During an early Bible-study session, Reynolds asked the congregants to respond to a questionnaire as if they were gay, and to then share their answers with other members of the group. Tonight, as Reynolds guides the class through a recap of what they've covered, a woman recalls that exercise as a personal challenge.

"I remember when we did that, and it was hard, wasn't it? Yes, it was," she says. "I felt like he asked us to be honest and talk about it, and we weren't really keeping it real."

"I think we have a hard time keeping it real on this particular subject," adds another man. "We all know that there's gays in our church, or we know someone whose daughter or son is gay or what have you, but we would still rather not bring it up."

The Bible-study group is a small sampling of the larger congregation at Emmanuel. There are young people in their twenties, older members in their eighties. In one pew, a young guy sports a hoodie and a new pair of Jordans; in another, a white-haired lady totes a black leather Bible so worn it bears her fingerprints. At times, the confluence of generations is abrupt, the generational differences as clear as the cross on the altar.

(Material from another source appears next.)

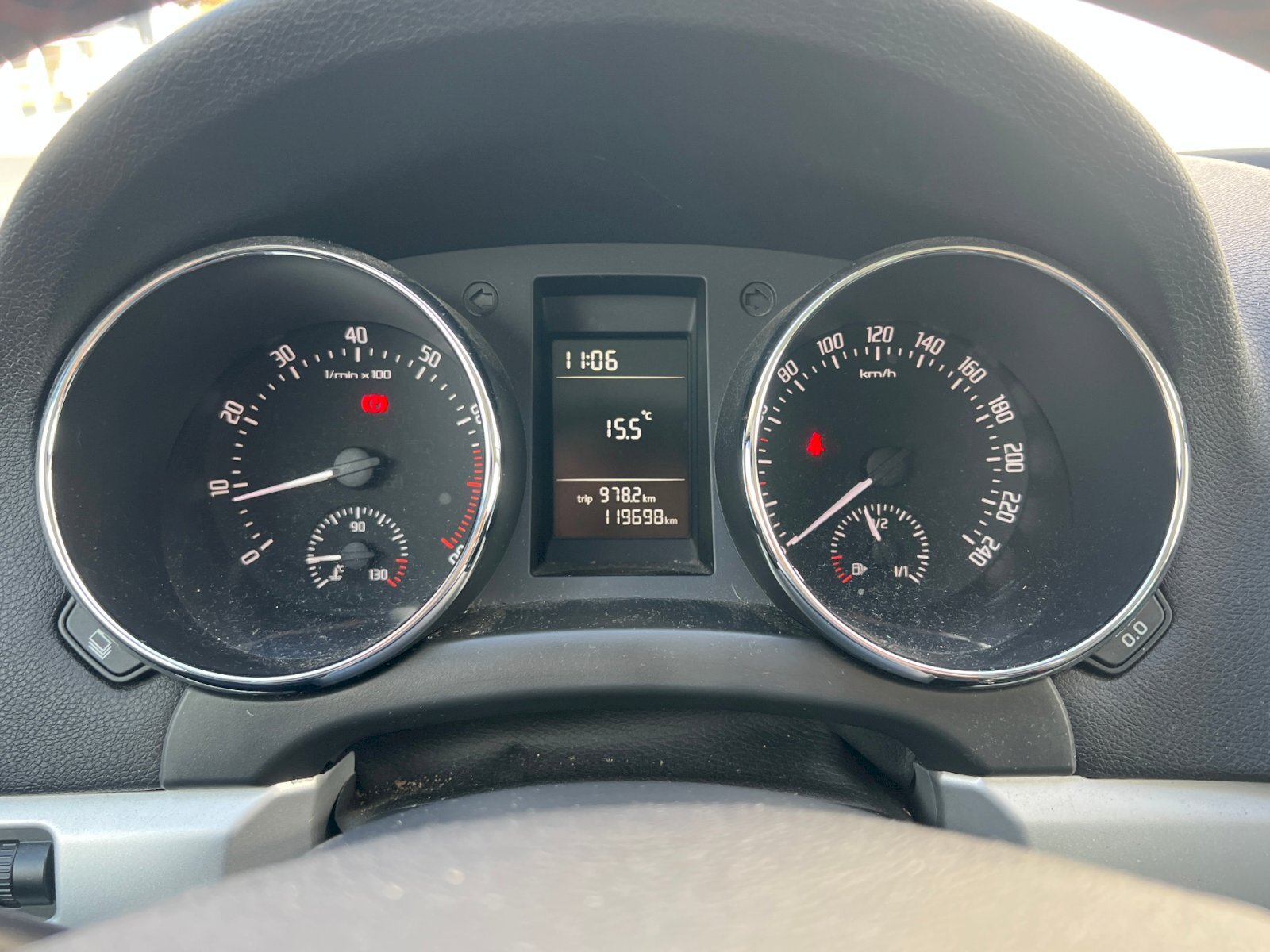 Škoda Yeti Hatchback 1,2 l 77 kw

When Reynolds asks the class to come up with creative ways to talk about safe sex with young people, for example, a group of twenty-somethings suggest hosting a movie night and showing sexually overt films. An older man in spectacles scoffs.

"You don't need to be creative; just tell the truth," he says. "When I was coming up, we thought that the baby came out of a side pocket on the side of the woman's stomach, with a zipper. We figured it out soon enough."

At the end of the class, Reynolds again directs the group to a projection on the screen, to a list of goals he has for the Bible study. The last one urges "support for those who challenge sexual oppression and who work for justice within their congregations and denominations."

"I see myself as someone who challenges sexual oppression," he says to the class. "I could use your support. But if you don't agree with me and you don't want to support me, say a prayer for me."


Reverend Reynolds has been a blast of modernity for Emmanuel, which has held holy in its current location just west of downtown Colorado Springs since 1971. Next to the Bible and a big black binder that contains notes for each Sunday's sermon, a laptop is the tool that Reynolds uses most. Emmanuel's ministry now extends well beyond the main church hall -- where purple and gold flags flank the choir rows and a huge gold cross crowns the altar -- and onto the Internet. Two years ago, Reynolds launched a Web ministry so congregants can log on to the Lord 24/7.

"If God be God," reads one of his online sermons, "then surely God knows what year this is.... He is not regulated by AT&T and He is not limited to some mainline.... Jesus is not only on the mainline but is on the digital T1 line and the DSL line and the dial-up modem lines. Jesus is in the satellites and in the fiber optic networks and in the digital networks."

"When I came here, I wanted to be part of a congregation that is progressive in every way," says the 43-year-old Reynolds. "But when I arrived, we had, like, two phone lines, a secretary, a custodian and an old-fashioned mimeograph copy machine. The fumes would be coming into your nose as you cranked it. That was it. There was no such thing as e-mail or anything like that."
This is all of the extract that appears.